The Monster World franchise has a confusing naming history befitting any of the recently rebooted franchises that decided to throw numbers into a randomizer and see what came out next. Monster World IV is actually the sixth and final game from the ’80s/’90s era, although many western fans would be oblivious to its existence; the SEGA Mega Drive game never made it out of Japan aside from a token Wii Virtual Console release.
Wonder Boy: Asha in Monster World is a remake of that platformer that has been put together by many of the staff from the original and now defunct developer Westone Bit Entertainment, including Wonder Boy creator Ryuichi Nishizawa. Now at ArtDink, the developers wanted to “create a game that stays true to the spirit of the original titles”. While some aspects of the game have been dragged into the modern era, like its hand-drawn cartoonish graphics and orchestral soundtrack, others have stayed firmly in 1994.

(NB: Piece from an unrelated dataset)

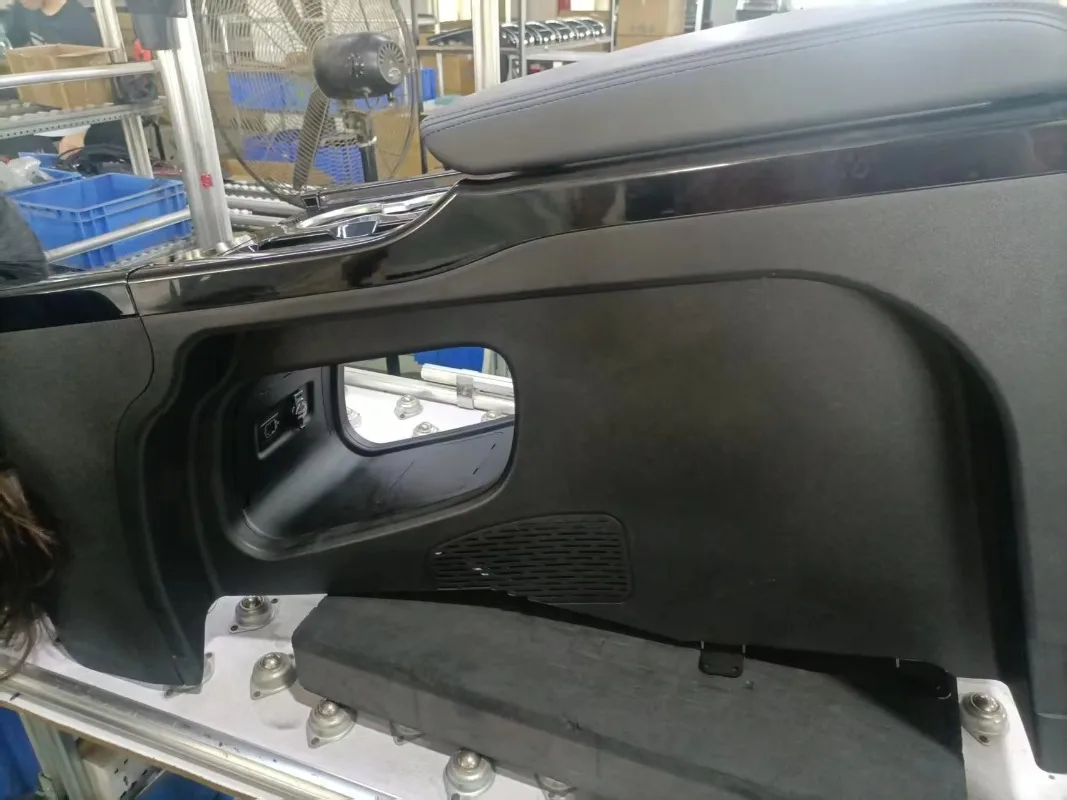 Hiace 300 RHD 2015- Center Console Armrest Box Leather Cup Holders Air Vents Wireless Charging USB-C 12V Socket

Wonder Boy: Asha in Monster World Review – Tied to the ’90s
Like most platforming games of the time, Asha in Monster World has a basic plot that gives a purpose to the title without getting in the way of the gameplay. Asha is a young girl who wishes to become a warrior. Her parents finally allow her to leave the village and prove her abilities by finding a badge of courage in the monster-filled Tower of Silence. With the badge obtained, she finds herself in the town of Rapadagna where she is told a dark force has trapped four elemental spirits in their worlds. She needs to defeat the darkness if she’s to stop the world from succumbing to evil.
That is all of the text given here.